OOCSSをはじめとしたCSSの設計概念はマルチクラスを前提としており、Twitter Bootstrap等の多くのCSSフレームワークはマルチクラスでスタイルをあてるようになっている。
<!-- Twitter Bootstrapのボタンの例 --> <button class="btn btn-primary btn-lg">Save</button>
良いことしかないように見えるマルチクラス設計だが、いくつか問題点もある。
まず、HTMLに複数のclass属性値を書くと共通するプロパティが上書きされるということ。 当前のことだが、共通するプロパティがあった場合、カスケーディングされ詳細度が高い方のルールセットのプロパティが適応される。
そして、ルールセット間に暗黙の依存関係が生まれること。
上記のTwitter Bootstrapの例だと、btn-primary
とbtn-lg
はbtn
と同じ要素に書かないと行けない。
僕も初めてBootstrapを使ったときにbtn-primary
だけ書いてアレ?ってなったことがある。
今流行りのOOCSSっぽいマルチクラスなCSSの設計手法をとろうとすると、書いた人以外には見えないルールセットの依存関係が存在するので分厚いスタイルガイドが必要になってくる。

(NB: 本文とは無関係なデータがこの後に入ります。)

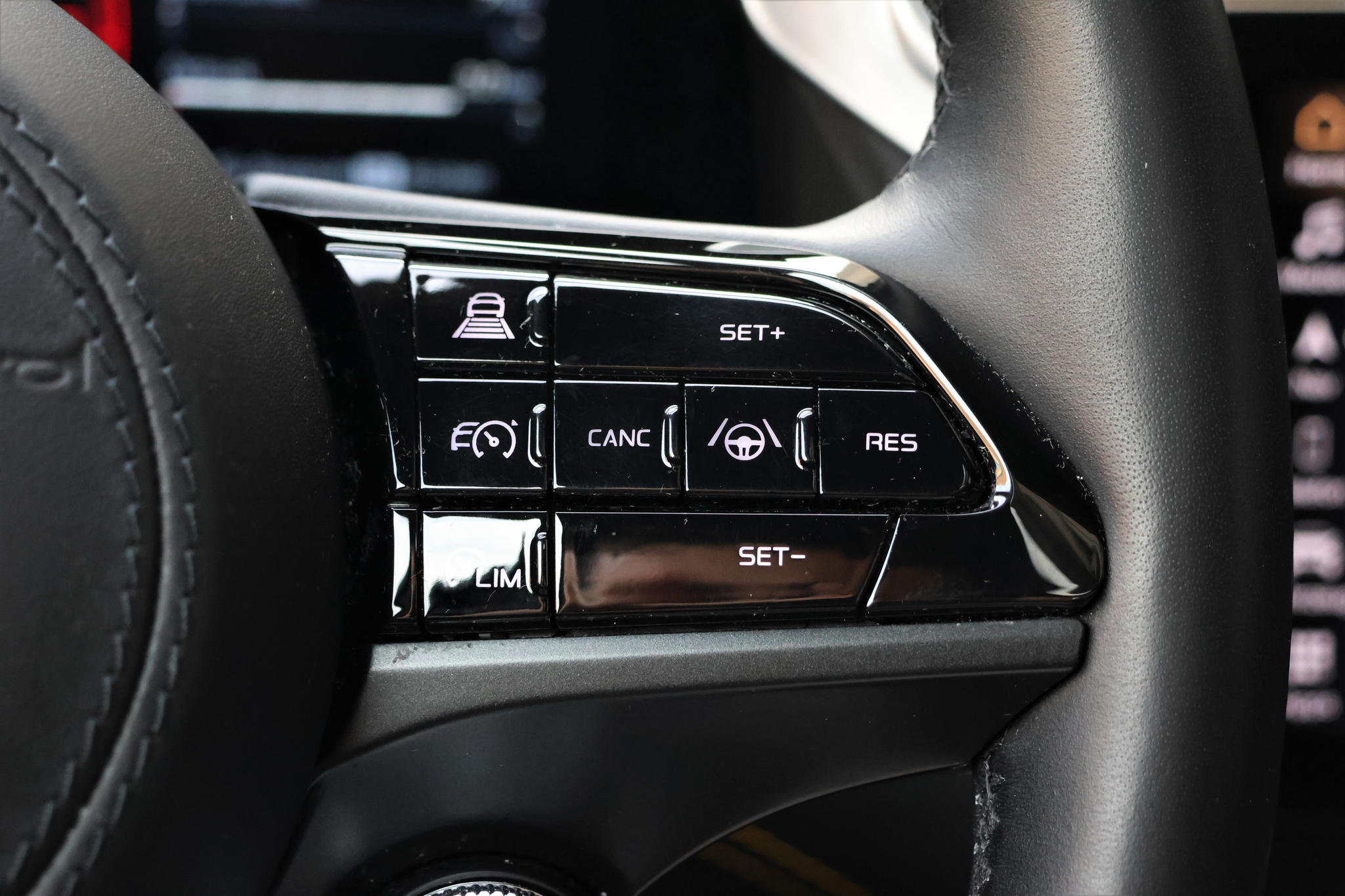 listing desktop thumbnail image 28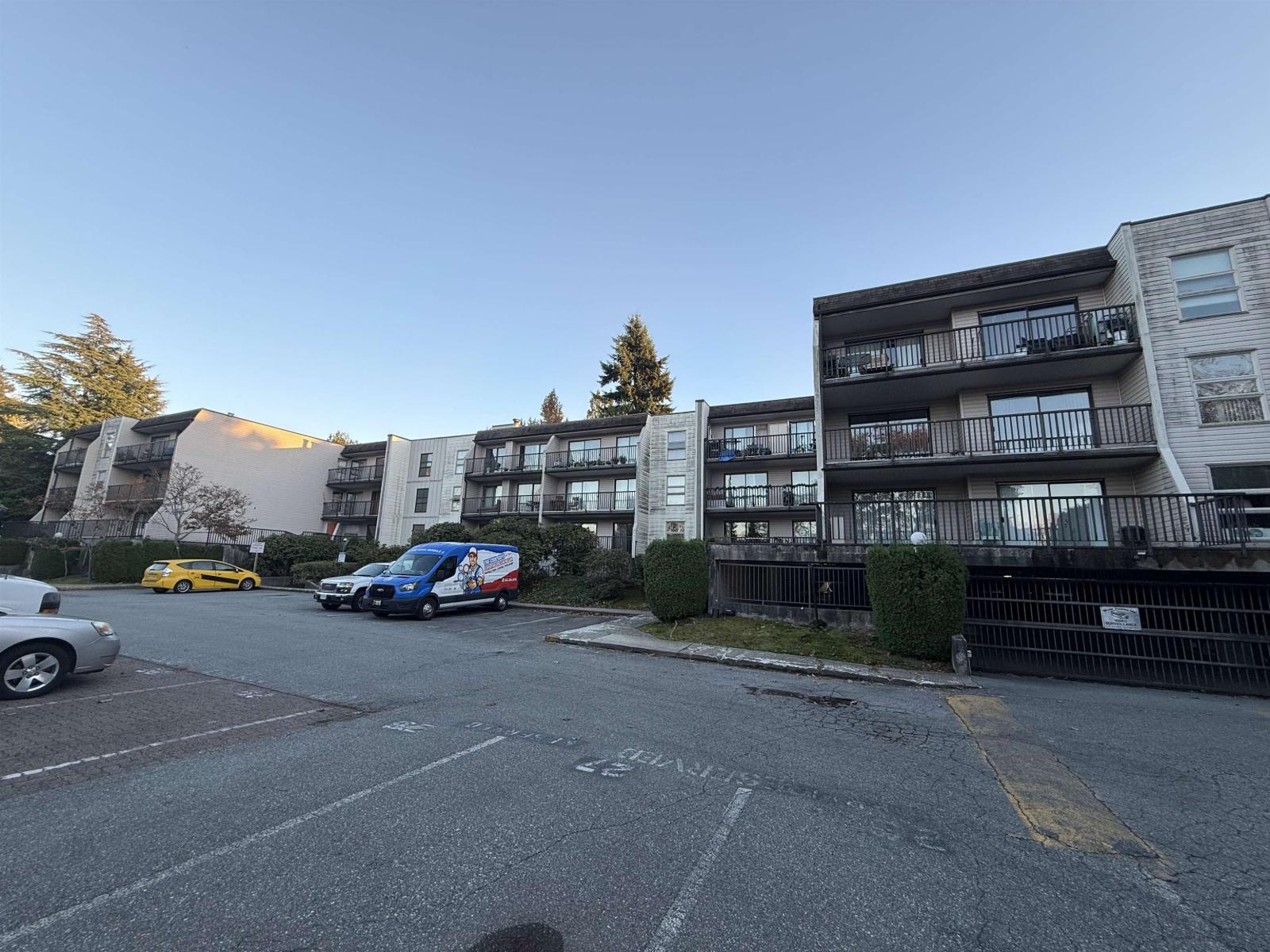 317 15268 100 Avenue, Surrey, British Columbia  V3R 7V1 - Photo 5 - R3174043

僕は、CSSの容量を少しでも削らないといけないほどパフォーマンスにシビアでない限り、Sassでいう@extend
を利用したシングルクラスな設計の方がいいと思っている。
HTMLもよりセマンティックにできる。
%btn { display: inline-block; } %btn-md { padding: 5px 10px; font-size: 14px; } %btn-blue { color: #fff; background-color: #3071a9; border-color: #285e8e; } .save-btn { @extend %btn; @extend %btn-md; @extend %btn-blue; }
また、SassやStylusよりも安全にルールセットの継承ができるYACPというCSSプリプロセッサーがある。
YACPを使ったextendによるシングルクラスな設計、小中規模なWebサイトでスタイルシートの複雑性を削減し、保守性を担保するのに最高感ある。